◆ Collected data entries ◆
=== Begin Enclosure ===
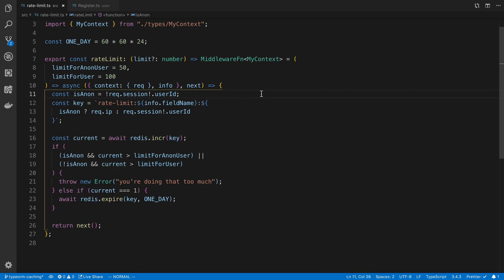But anyway, this gives you a general framework of what you can do if you're interested in rate limiting using Redis and GraphQL.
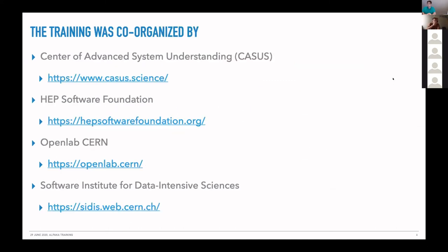I just wanted to give you the links of all the organizations which are co-organizing this training. There's the very prominent CASUS in Germany, and then there are three more organizations hosted or co-hosted at CERN: the HSF, OpenLab, and CIDIS. You have all the links there.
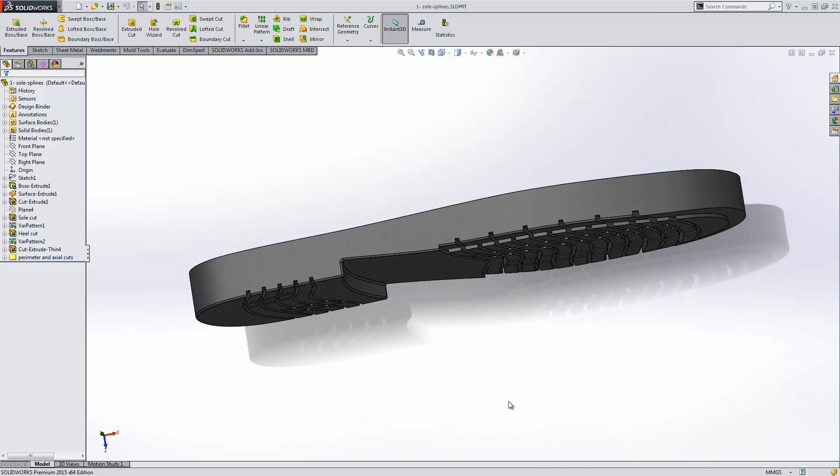As you can see, variable pattern is an extremely powerful tool that's certainly going to enhance complex part modeling. Thank you for watching this video on SolidWorks 2015's new feature type, Variable Pattern.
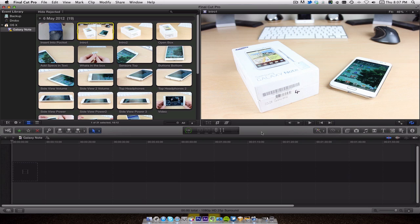The first question to answer is what do I use to edit, and that would be Final Cut Pro. I've been using this now for the last six months and it's probably got to be one of the easiest applications I've used so far. I used to use Adobe Premiere Pro on the PC and this is just far easier than that.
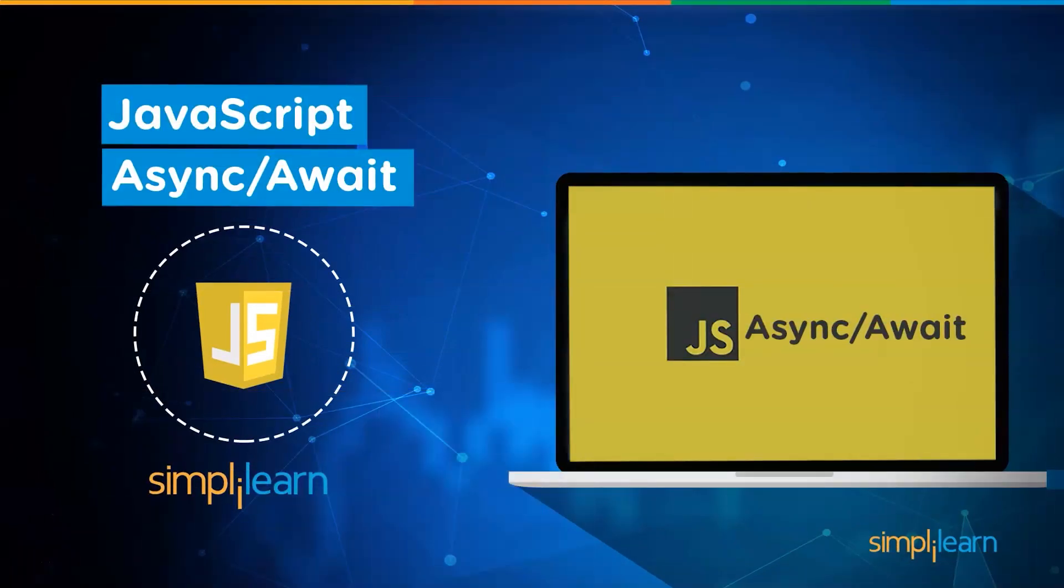Hey everyone, welcome back to another video by SimpliLearn. In today's video, we're going to learn all about JavaScript asynchronous concept, that is async and await.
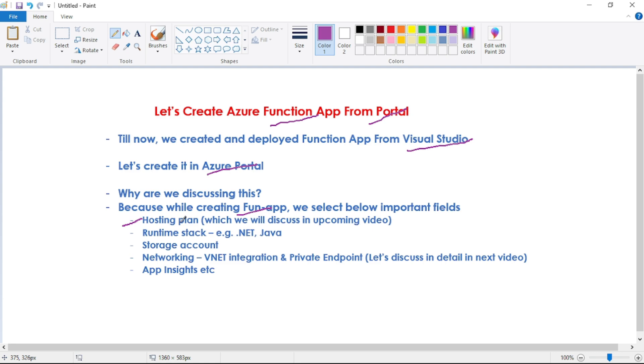There are different hosting plans. We will discuss those in detail in our upcoming videos, but as of now we'll just have a quick overview. Then we have to select runtime stack, for example .NET or Java. Then we have to select storage account.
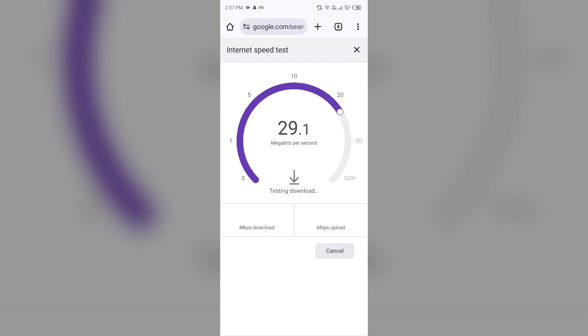If you have a weak or unstable internet connection, then try changing the server.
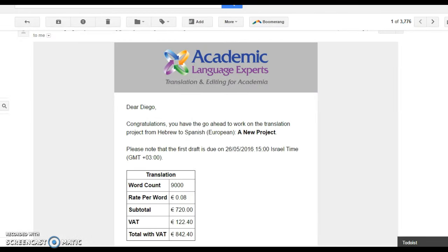One final feature of the samples track is that you actually have the ability to name your price for the specific project and request the rate that you would like to receive. For the samples and fast track options you will receive notification regarding whether you have been allocated the project as soon as possible. If you do not hear back from us it means that we are still reviewing and have not yet made a decision. We thank you in advance for your patience while awaiting a reply.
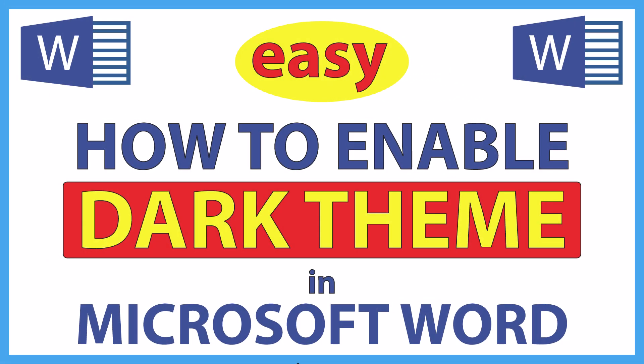This is going to be a video tutorial on how to enable dark theme in Microsoft Word. I will be using Office 365 on a desktop PC for this.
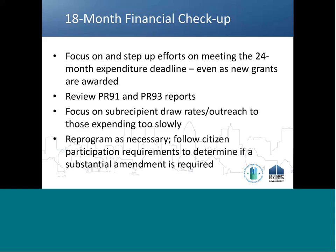While nearing the 24-month expenditure deadline, the recipient must continue to review its progress in meeting the expenditure deadline. Will the recipient have access to administration funds to be reprogrammed? Are there certain subrecipients that are having difficulty spending down funds? Use the PR-91 and PR-93 reports to analyze commitment and draw amounts and determine what corrective actions are needed. When analyzing activity draws, pay special attention to the section on the PR-91 report that identifies subrecipient draws. Reach out to those entities that appear to be expending funds too slowly.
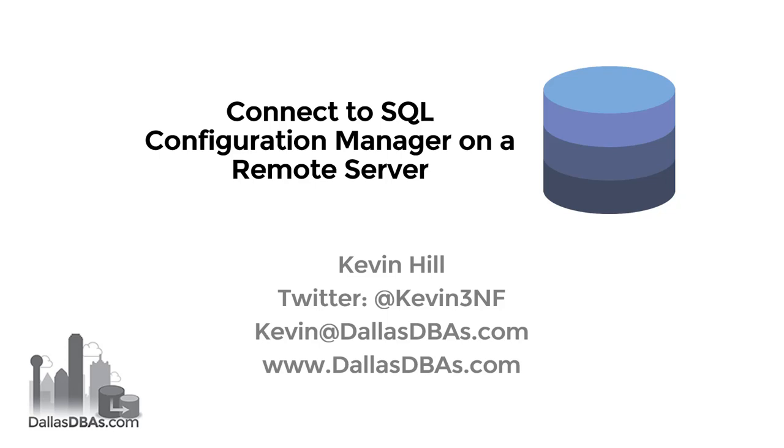If you're familiar with Configuration Manager, the utility that comes with SQL Server for checking service status, changing accounts, things like that, then you'll know that it's only available to the server that you're actually on and within that tool there's no way to go look at the service status on another server.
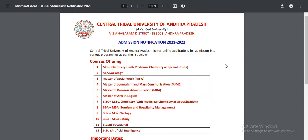Integrated courses are also available: BSE plus MSE Chemistry with Medicinal Chemistry Specialization, Management — BBA plus MBA integrated courses, and Tourism and Hospitality Management Specialization.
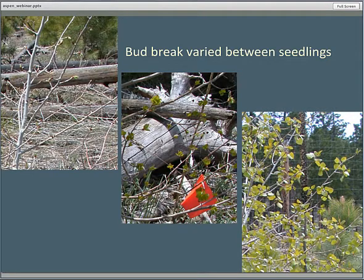Here's a picture showing the variation in bud break. These pictures were all taken the same day within the same fenced area, showing differences in when those seedlings were breaking bud. If there were suckers from a single seedling, the bud break was identical.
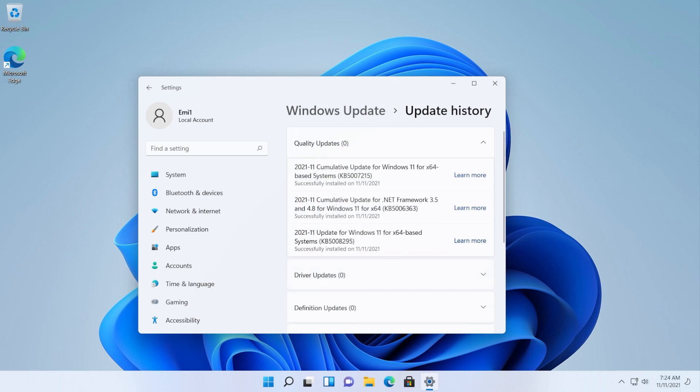So the answer is you can still install Windows updates - the quality, the security, the driver updates - into a machine that doesn't support Windows 11 and of course has Windows 11 installed using some methods that I've showed you in previous videos.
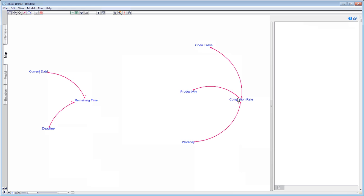It's obvious that the higher the productivity is, the higher the completion rate will be, so I add a positive polarity.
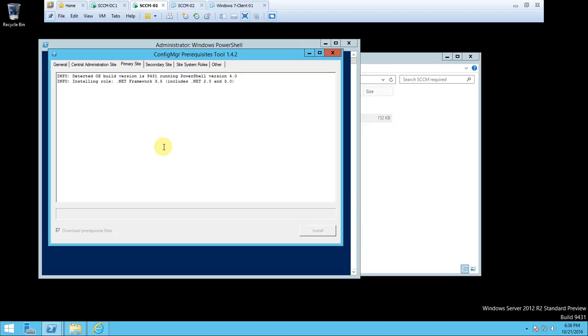We just need to wait for some time for all these things to complete successfully. In the meantime, I can tell you - you can run this on a secondary site also, but at that time you need to check the secondary site and system site role options. If you install those, these things will work. There are various options there. But our intention is to build a primary site server, so this I have done. It will check one by one and install all the prerequisites we require. It is very easy.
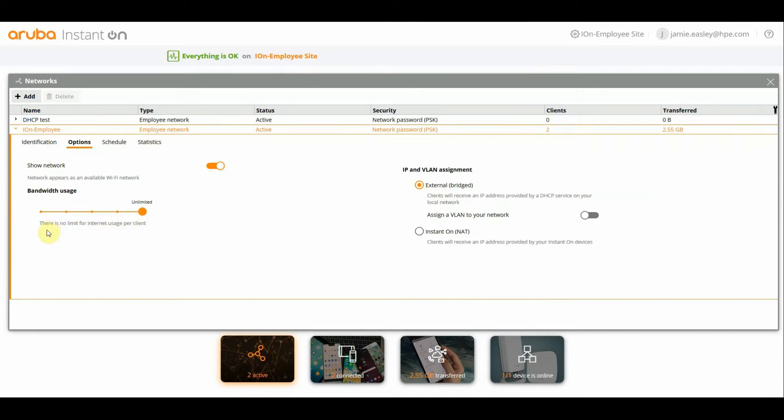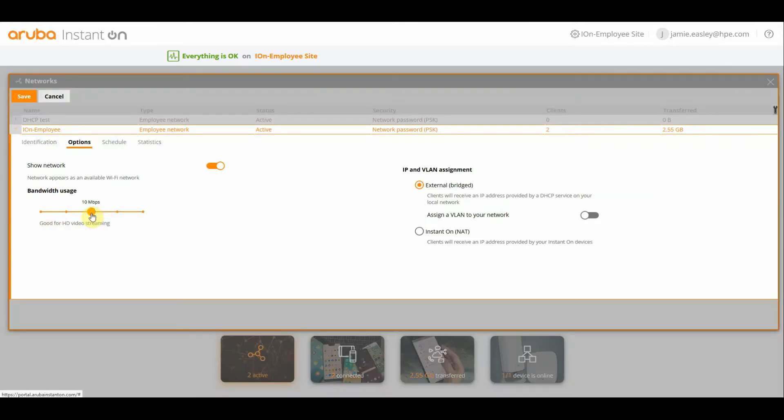To do so, all we need to do is modify the slider down to what we think is appropriate. So let's go to 5 meg.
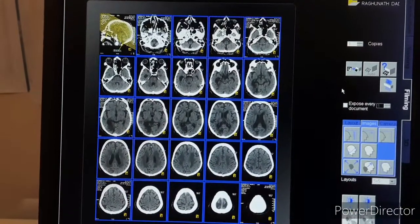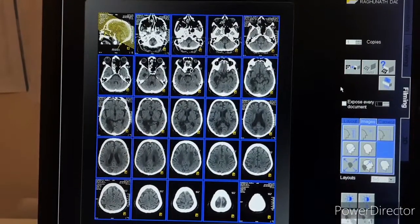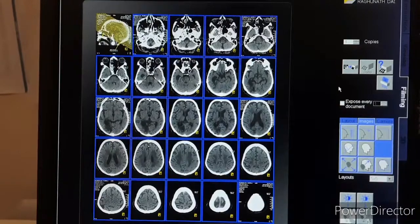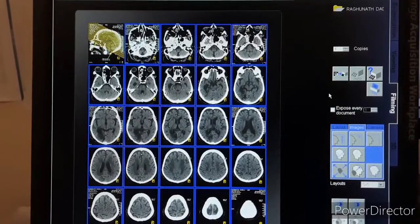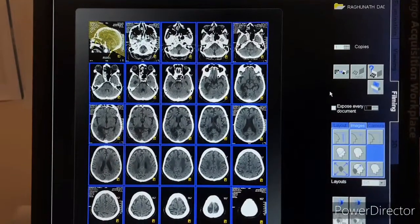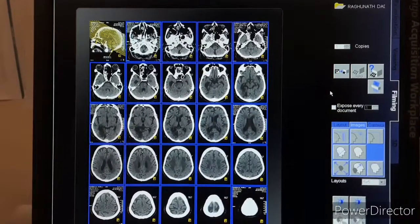Film format for city brain CT — format is 525.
=== End Enclosure ===
◆ WORK INSTRUCTION ◆
Print exactly, with no pictures, the lines above from the one that holds "If you're familiar" through the one that holds "Here's a picture", both of them included.

◆ TASK SOLUTION ◆
If you're familiar with Configuration Manager, the utility that comes with SQL Server for checking service status, changing accounts, things like that, then you'll know that it's only available to the server that you're actually on and within that tool there's no way to go look at the service status on another server.
Integrated courses are also available: BSE plus MSE Chemistry with Medicinal Chemistry Specialization, Management — BBA plus MBA integrated courses, and Tourism and Hospitality Management Specialization.
Here's a picture showing the variation in bud break. These pictures were all taken the same day within the same fenced area, showing differences in when those seedlings were breaking bud. If there were suckers from a single seedling, the bud break was identical.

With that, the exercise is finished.